▶ [What to do]: Find the line containing "Kanekolon workshop with" in the data below and repeat it, along with all later lines, exactly through the last one.

Crawled caption data:
────────────────────────────────────────
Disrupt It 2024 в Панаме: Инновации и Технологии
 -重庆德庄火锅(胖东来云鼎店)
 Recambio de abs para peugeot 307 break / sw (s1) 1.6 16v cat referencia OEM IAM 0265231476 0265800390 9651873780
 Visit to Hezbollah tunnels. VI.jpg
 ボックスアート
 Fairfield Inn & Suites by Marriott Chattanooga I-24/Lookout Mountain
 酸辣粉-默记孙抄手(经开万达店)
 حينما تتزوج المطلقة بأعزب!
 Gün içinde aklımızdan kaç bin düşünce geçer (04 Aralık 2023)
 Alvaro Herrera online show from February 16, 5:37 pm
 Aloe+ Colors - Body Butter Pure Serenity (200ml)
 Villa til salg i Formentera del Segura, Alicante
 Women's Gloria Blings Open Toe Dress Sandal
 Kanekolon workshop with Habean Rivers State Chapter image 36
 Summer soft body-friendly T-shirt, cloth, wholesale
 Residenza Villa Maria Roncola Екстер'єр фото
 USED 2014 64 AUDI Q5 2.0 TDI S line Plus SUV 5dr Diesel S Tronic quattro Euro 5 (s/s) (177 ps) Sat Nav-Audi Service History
────────────────────────────────────────
▶ [Answer to this problem]:
 Kanekolon workshop with Habean Rivers State Chapter image 36
 Summer soft body-friendly T-shirt, cloth, wholesale
 Residenza Villa Maria Roncola Екстер'єр фото
 USED 2014 64 AUDI Q5 2.0 TDI S line Plus SUV 5dr Diesel S Tronic quattro Euro 5 (s/s) (177 ps) Sat Nav-Audi Service History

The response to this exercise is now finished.